Problem to work on: Repeat each entry below exactly, omitting any picture it holds.

(Records supplied begins)

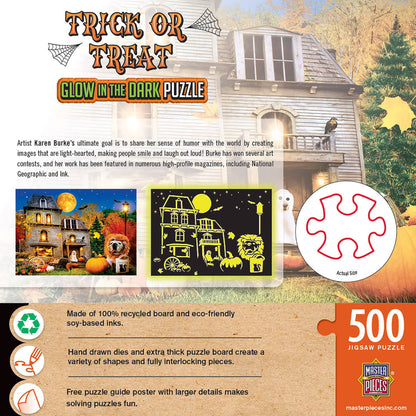 Masterpieces Puzzles - Glow in the Dark - Trick or Treat 500 Piece Puzzle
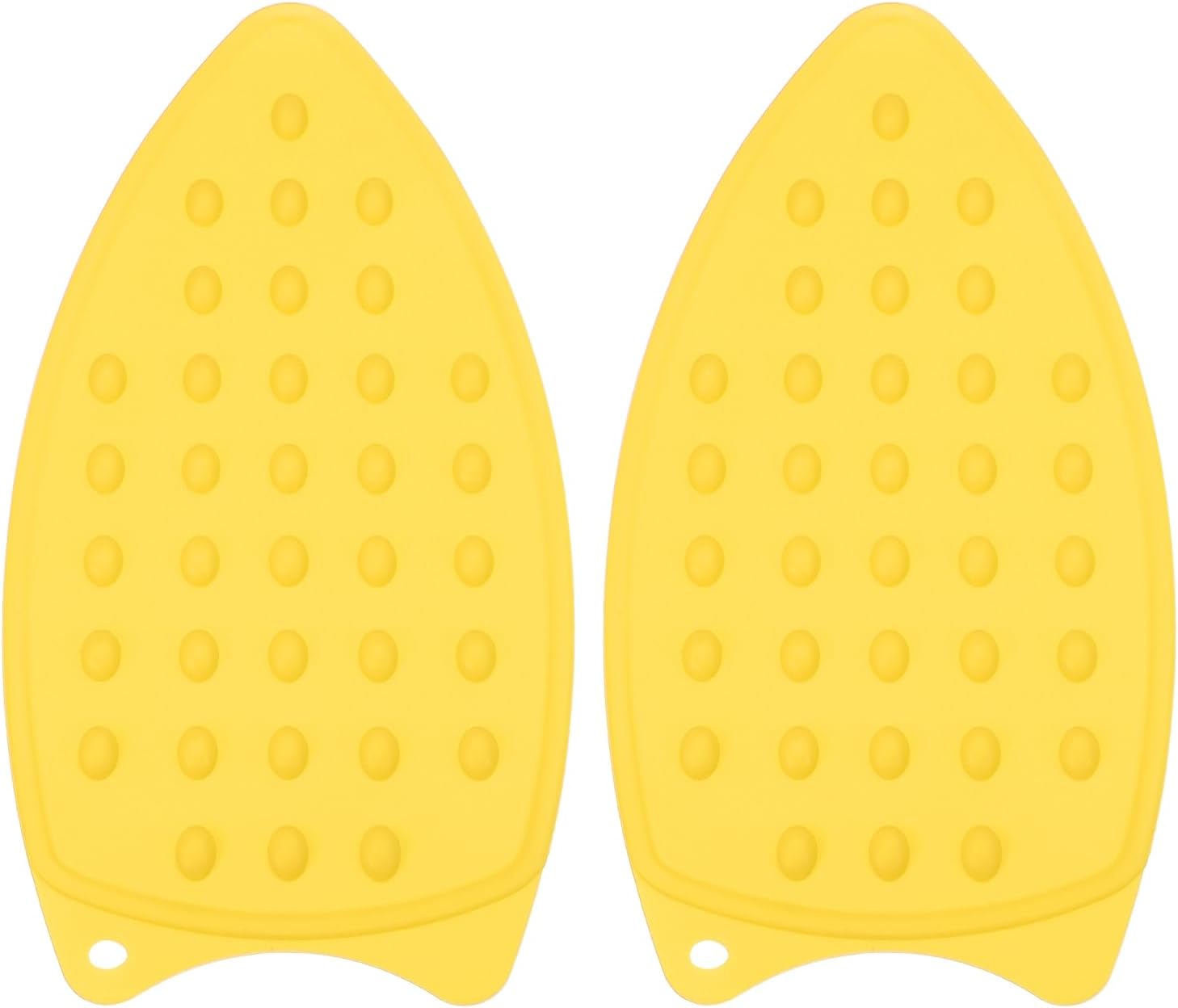 PATIKIL Silicone Iron Rest Pad, 2 Pcs Multipurpose Hot Heat Resistant Iron Rest Plate Protective Pad for Ironing Board Hot Resistant Steamer Steam Compact Mat, Yellow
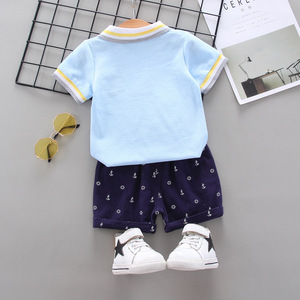 Conjunto de Ropa Infantil de Verano, Algodón Puro, Diseño de Oso Polo a Rayas con Bordado de Dibujos Animados, Ropa para Niños, Conjunto de Bebé con Estampado de Animales - Product Image 4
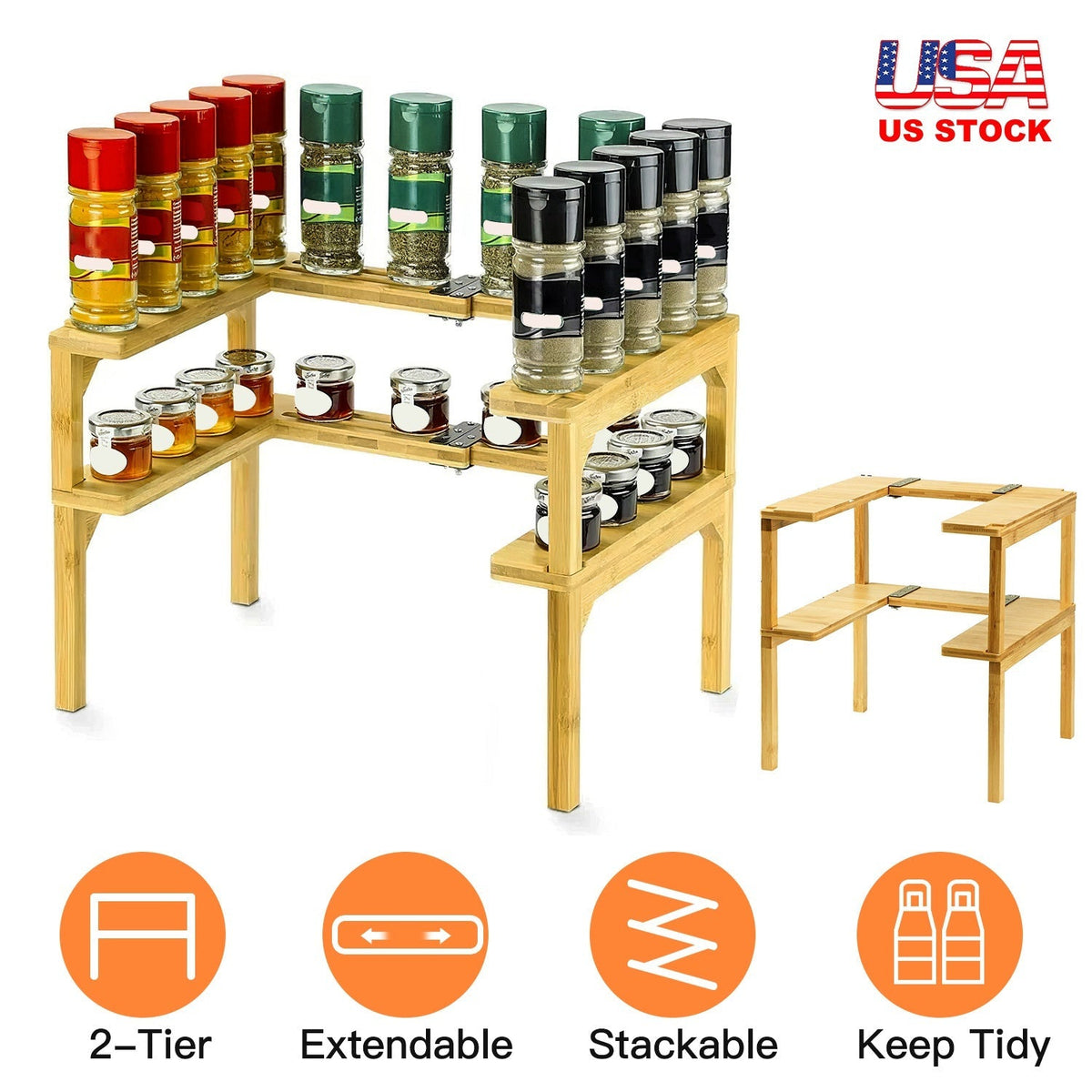 Expandable 2-Tier Bamboo Spice Rack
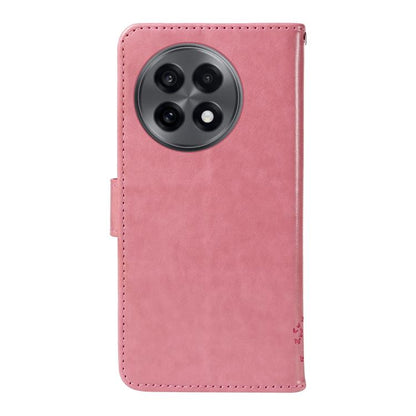 Tree & Cat Embossed Pattern Flip Leather Phone Case, For OnePlus 13R Global, For OnePlus 13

(Records supplied ends)

Response for this exercise:
 Masterpieces Puzzles - Glow in the Dark - Trick or Treat 500 Piece Puzzle
 PATIKIL Silicone Iron Rest Pad, 2 Pcs Multipurpose Hot Heat Resistant Iron Rest Plate Protective Pad for Ironing Board Hot Resistant Steamer Steam Compact Mat, Yellow
 Conjunto de Ropa Infantil de Verano, Algodón Puro, Diseño de Oso Polo a Rayas con Bordado de Dibujos Animados, Ropa para Niños, Conjunto de Bebé con Estampado de Animales - Product Image 4
 Expandable 2-Tier Bamboo Spice Rack
 Tree & Cat Embossed Pattern Flip Leather Phone Case, For OnePlus 13R Global, For OnePlus 13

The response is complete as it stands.